▶ Exercise data:
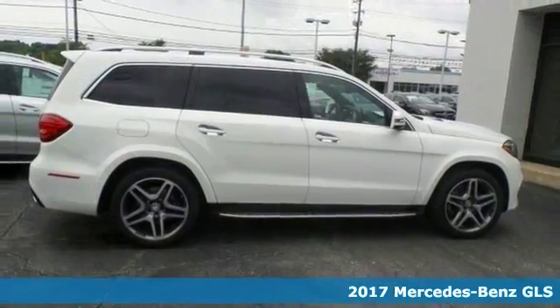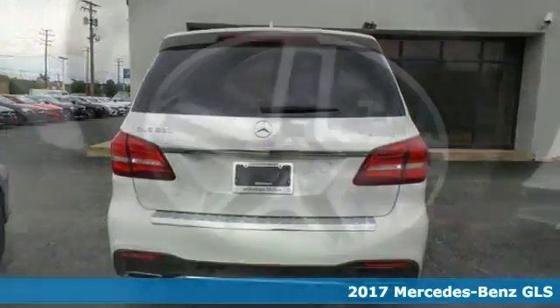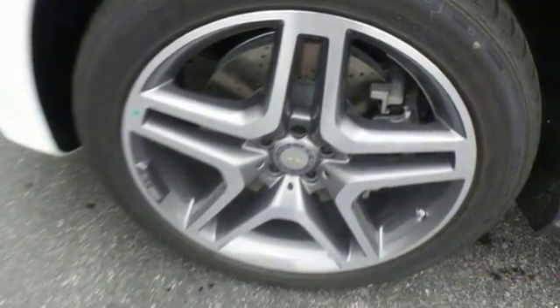This versatile 2017 Mercedes-Benz GLS 550 4Matic would look so much better doing all the stuff you need it to, instead of sitting here unutilized on our lot.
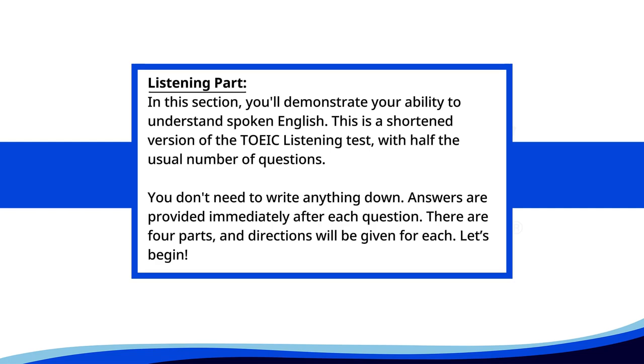Listening test. In this section, you'll demonstrate your ability to understand spoken English. This is a shortened version of the TOEIC listening test, with half the usual number of questions. You don't need to write anything down. Answers are provided immediately after each question. There are four parts, and directions will be given for each. Let's begin.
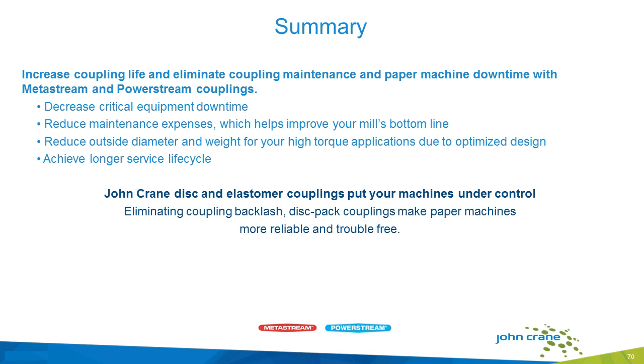In summary, John Crane increases coupling life and eliminates coupling maintenance and paper machine downtime with our Metastream and PowerStream couplings. We decrease critical equipment downtime, reduce maintenance expenses, which help improve your mill's bottom line. We reduce outside diameter and weight on your high-torque applications due to optimized design, and we achieve longer service life cycles.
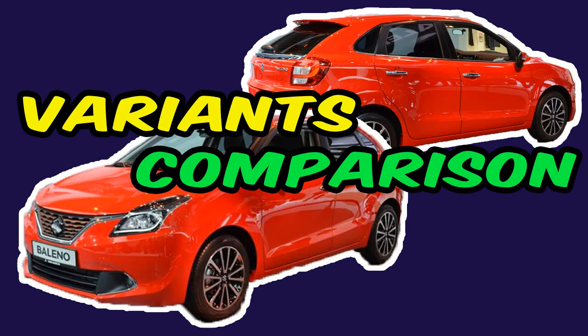Hello everyone. Today we are going to compare all the variants of Maruti Suzuki Baleno.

▶ Exercise:
Give back exactly the lines from the first line of the data through the line with "Listening test. In", pictures excluded.

▶ Output for this exercise:
This versatile 2017 Mercedes-Benz GLS 550 4Matic would look so much better doing all the stuff you need it to, instead of sitting here unutilized on our lot.
Listening test. In this section, you'll demonstrate your ability to understand spoken English. This is a shortened version of the TOEIC listening test, with half the usual number of questions. You don't need to write anything down. Answers are provided immediately after each question. There are four parts, and directions will be given for each. Let's begin.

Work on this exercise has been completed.